*WHAT YOU ARE ASKED TO DO:* Without any of the pictures, set down the data below exactly.

□ □ □ □ □

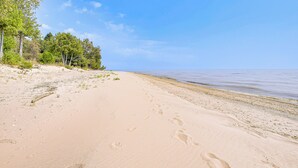 A sandy beach with footprints leading to the water, surrounded by trees.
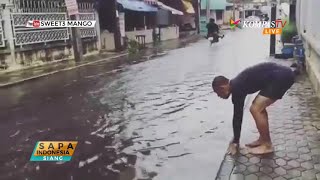 Pria Ini Berenang di Genangan Air Banjir yang Dangkal [upl. by Etnaid657]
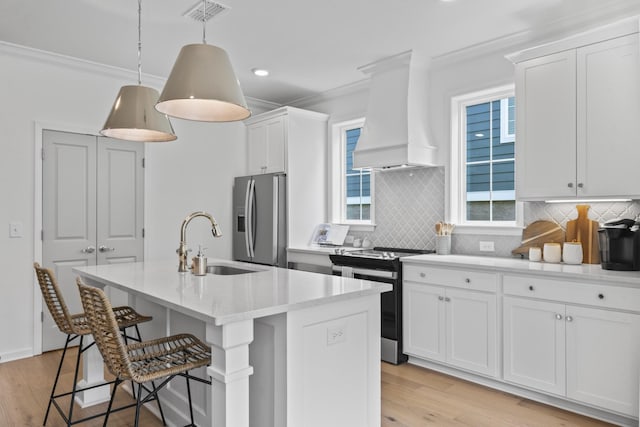 kitchen with custom exhaust hood, white cabinetry, decorative light fixtures, appliances with stainless steel finishes, and an island with sink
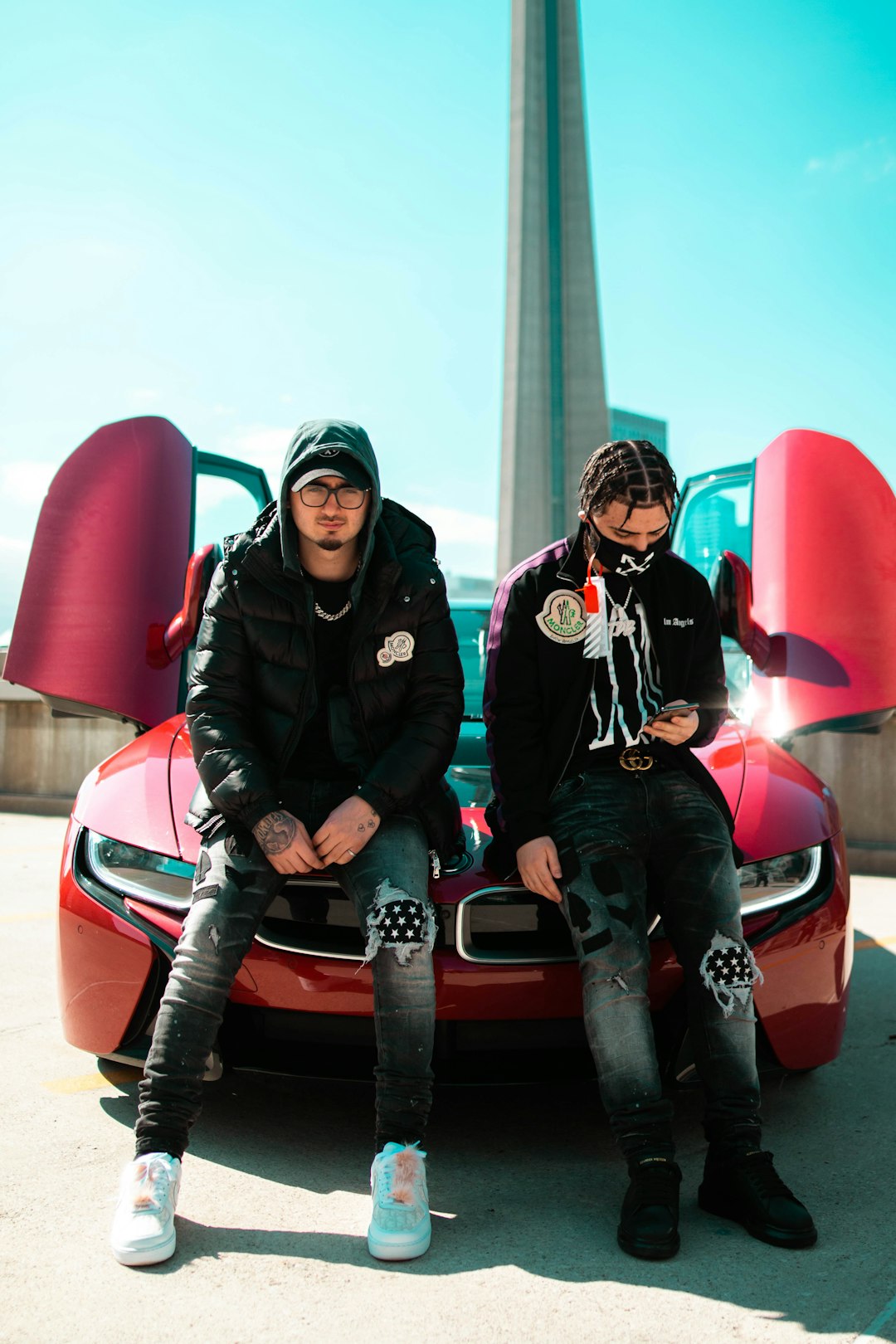 2 men in black jacket riding red car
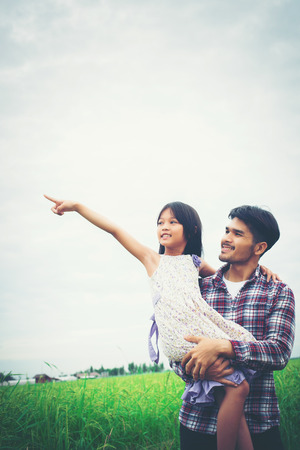 Daughter pointing away and smiling with her dad in the meadows field.の写真素材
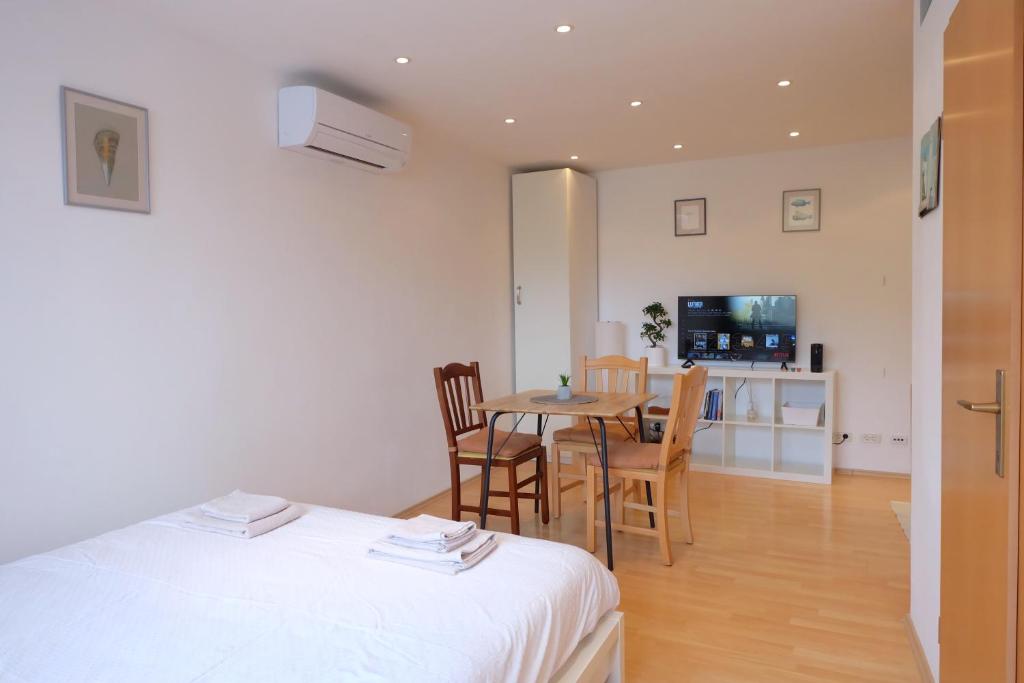 Postel nebo postele na pokoji v ubytování Bivalvia Apartments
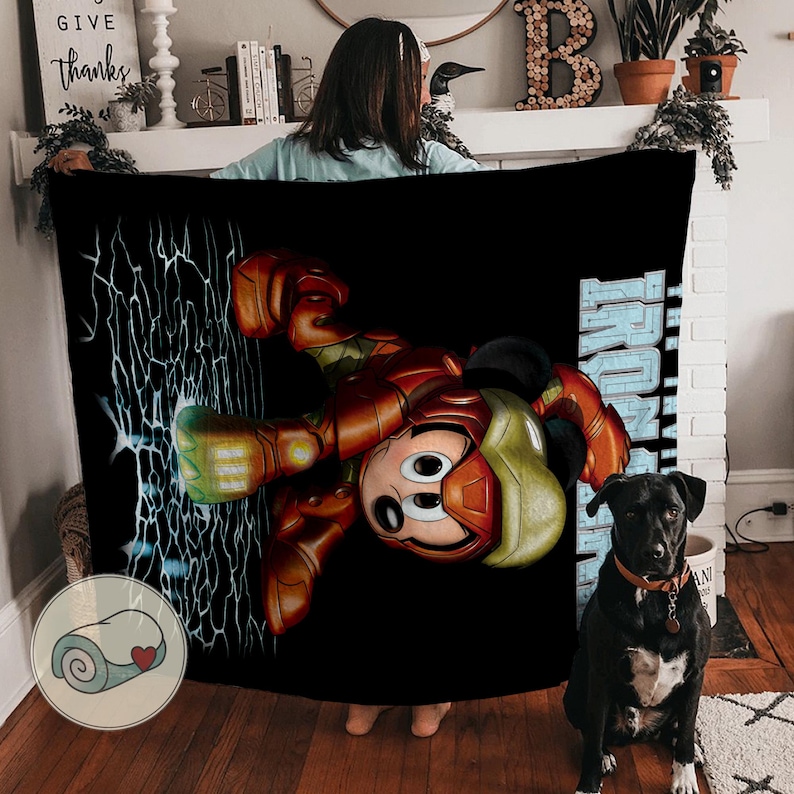 May include: Black blanket featuring a cartoon character in an Iron Man suit. The character's face is visible, with a red and gold suit design. The word "IRON MAN" is printed in blue. A black dog is sitting in front of the blanket.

□ □ □ □ □

*SOLUTION TO THIS EXERCISE:*
 A sandy beach with footprints leading to the water, surrounded by trees.
 Pria Ini Berenang di Genangan Air Banjir yang Dangkal [upl. by Etnaid657]
 kitchen with custom exhaust hood, white cabinetry, decorative light fixtures, appliances with stainless steel finishes, and an island with sink
 2 men in black jacket riding red car
 Daughter pointing away and smiling with her dad in the meadows field.の写真素材
 Postel nebo postele na pokoji v ubytování Bivalvia Apartments
 May include: Black blanket featuring a cartoon character in an Iron Man suit. The character's face is visible, with a red and gold suit design. The word "IRON MAN" is printed in blue. A black dog is sitting in front of the blanket.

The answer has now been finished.